From the records below, transcribe exactly the lines that begin at the line with "tourist with camera on the beachのイラスト素材" and end at the line with "Elegant Signed by", both included.

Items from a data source
============
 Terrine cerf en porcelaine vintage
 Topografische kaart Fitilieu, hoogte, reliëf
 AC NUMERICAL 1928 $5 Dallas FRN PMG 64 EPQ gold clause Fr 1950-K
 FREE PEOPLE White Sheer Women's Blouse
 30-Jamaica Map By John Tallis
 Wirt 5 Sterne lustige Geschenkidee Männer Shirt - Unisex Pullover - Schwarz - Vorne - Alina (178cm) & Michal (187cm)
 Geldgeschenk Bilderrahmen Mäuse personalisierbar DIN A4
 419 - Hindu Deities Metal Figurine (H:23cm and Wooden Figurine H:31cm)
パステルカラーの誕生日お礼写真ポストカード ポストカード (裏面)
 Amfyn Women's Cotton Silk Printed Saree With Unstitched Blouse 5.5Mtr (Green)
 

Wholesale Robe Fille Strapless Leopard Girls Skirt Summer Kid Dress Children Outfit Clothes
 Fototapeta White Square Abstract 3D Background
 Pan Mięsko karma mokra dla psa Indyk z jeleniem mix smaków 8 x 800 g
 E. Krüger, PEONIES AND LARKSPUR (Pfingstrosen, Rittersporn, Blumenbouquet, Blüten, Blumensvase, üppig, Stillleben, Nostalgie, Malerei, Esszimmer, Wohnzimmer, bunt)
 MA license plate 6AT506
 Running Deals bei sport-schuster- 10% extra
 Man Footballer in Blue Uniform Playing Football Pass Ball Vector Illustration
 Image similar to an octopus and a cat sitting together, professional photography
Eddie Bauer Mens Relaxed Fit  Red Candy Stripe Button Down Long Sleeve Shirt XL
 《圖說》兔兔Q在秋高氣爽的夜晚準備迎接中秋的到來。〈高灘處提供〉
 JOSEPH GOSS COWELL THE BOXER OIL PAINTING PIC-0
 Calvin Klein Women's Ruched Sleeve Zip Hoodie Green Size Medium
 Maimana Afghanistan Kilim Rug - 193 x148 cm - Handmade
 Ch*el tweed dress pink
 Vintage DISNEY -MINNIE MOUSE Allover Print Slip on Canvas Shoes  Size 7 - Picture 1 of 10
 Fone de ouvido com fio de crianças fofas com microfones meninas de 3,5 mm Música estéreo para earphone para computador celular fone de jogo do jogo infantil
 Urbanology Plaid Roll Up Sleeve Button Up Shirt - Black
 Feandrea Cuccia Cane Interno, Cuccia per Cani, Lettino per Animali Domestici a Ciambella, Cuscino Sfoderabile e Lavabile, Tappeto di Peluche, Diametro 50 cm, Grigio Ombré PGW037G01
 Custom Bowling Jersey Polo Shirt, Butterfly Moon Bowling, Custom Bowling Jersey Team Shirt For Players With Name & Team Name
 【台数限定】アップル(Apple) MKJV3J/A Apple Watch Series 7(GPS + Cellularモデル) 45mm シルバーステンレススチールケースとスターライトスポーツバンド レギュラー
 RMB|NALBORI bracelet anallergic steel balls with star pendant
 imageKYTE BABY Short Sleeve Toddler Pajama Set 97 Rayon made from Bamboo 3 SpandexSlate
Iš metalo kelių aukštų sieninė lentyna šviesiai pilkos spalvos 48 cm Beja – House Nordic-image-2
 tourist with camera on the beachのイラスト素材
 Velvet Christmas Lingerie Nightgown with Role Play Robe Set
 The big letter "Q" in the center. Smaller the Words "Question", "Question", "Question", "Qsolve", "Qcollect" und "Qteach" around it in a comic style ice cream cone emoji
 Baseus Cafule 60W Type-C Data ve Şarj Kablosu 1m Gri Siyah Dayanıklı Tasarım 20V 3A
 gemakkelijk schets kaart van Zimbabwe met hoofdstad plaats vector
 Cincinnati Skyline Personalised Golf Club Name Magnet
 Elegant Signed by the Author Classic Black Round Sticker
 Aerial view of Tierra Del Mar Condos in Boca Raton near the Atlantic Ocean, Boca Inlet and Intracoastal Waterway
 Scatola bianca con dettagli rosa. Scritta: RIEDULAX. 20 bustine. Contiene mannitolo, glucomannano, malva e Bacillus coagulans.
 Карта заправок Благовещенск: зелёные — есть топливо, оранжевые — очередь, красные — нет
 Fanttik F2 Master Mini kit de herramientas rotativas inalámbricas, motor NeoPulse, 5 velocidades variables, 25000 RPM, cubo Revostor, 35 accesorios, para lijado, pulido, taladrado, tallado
============
▶ _SOLUTION TO THIS TASK_:
 tourist with camera on the beachのイラスト素材
 Velvet Christmas Lingerie Nightgown with Role Play Robe Set
 The big letter "Q" in the center. Smaller the Words "Question", "Question", "Question", "Qsolve", "Qcollect" und "Qteach" around it in a comic style ice cream cone emoji
 Baseus Cafule 60W Type-C Data ve Şarj Kablosu 1m Gri Siyah Dayanıklı Tasarım 20V 3A
 gemakkelijk schets kaart van Zimbabwe met hoofdstad plaats vector
 Cincinnati Skyline Personalised Golf Club Name Magnet
 Elegant Signed by the Author Classic Black Round Sticker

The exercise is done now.